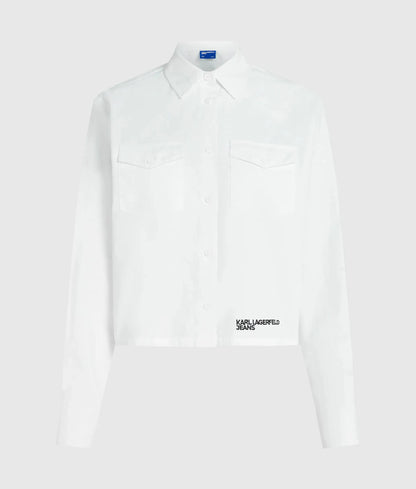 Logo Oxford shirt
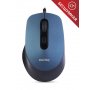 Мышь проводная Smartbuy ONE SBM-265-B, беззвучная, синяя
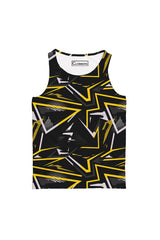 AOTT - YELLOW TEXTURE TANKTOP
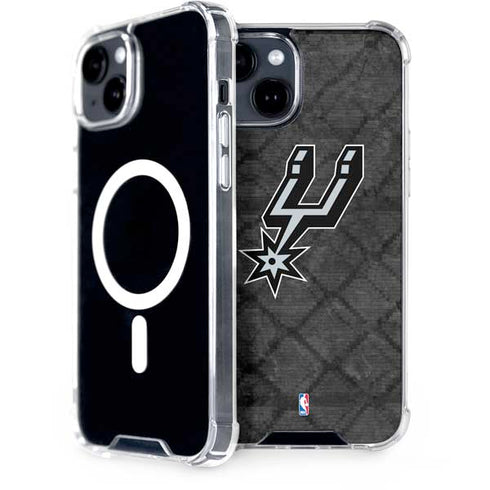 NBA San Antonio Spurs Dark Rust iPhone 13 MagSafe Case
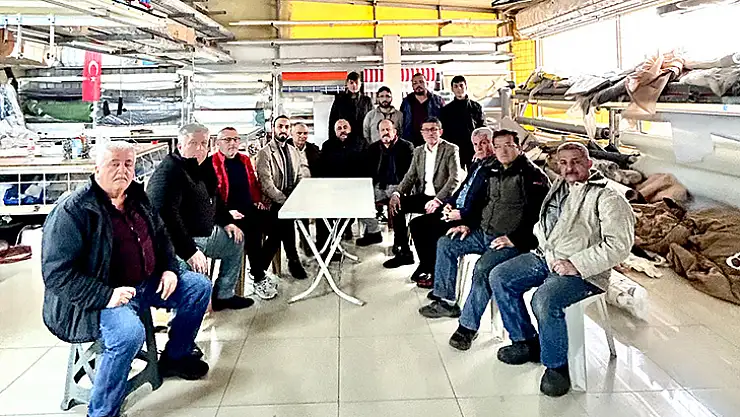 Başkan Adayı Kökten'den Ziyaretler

==

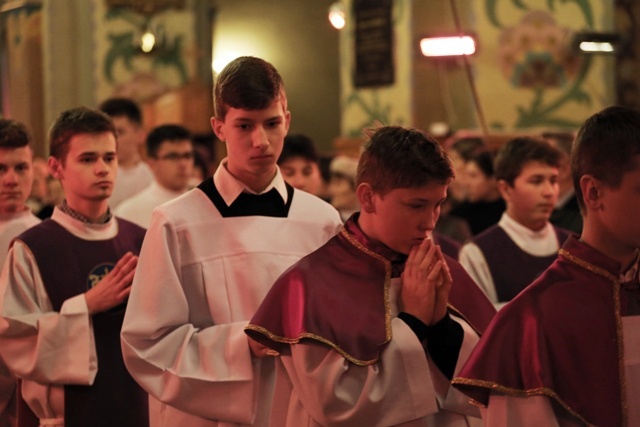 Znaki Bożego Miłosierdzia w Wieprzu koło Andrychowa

--

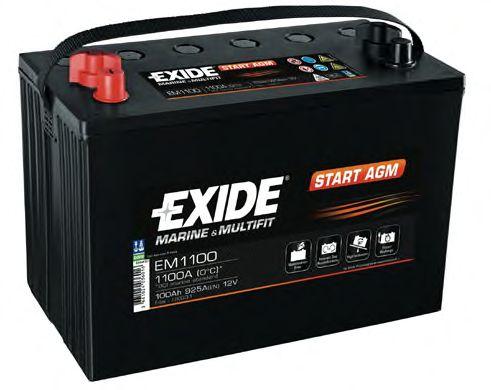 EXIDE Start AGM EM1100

Your objective -
Going by the data above, the answer is exactly the lines from the one holding "AOTT - YELLOW TEXTURE TANKTOP" to the one holding "Başkan Adayı Kökten'den Ziyaretler", both kept, with the pictures left out.

Response below -
 AOTT - YELLOW TEXTURE TANKTOP
 NBA San Antonio Spurs Dark Rust iPhone 13 MagSafe Case
 Başkan Adayı Kökten'den Ziyaretler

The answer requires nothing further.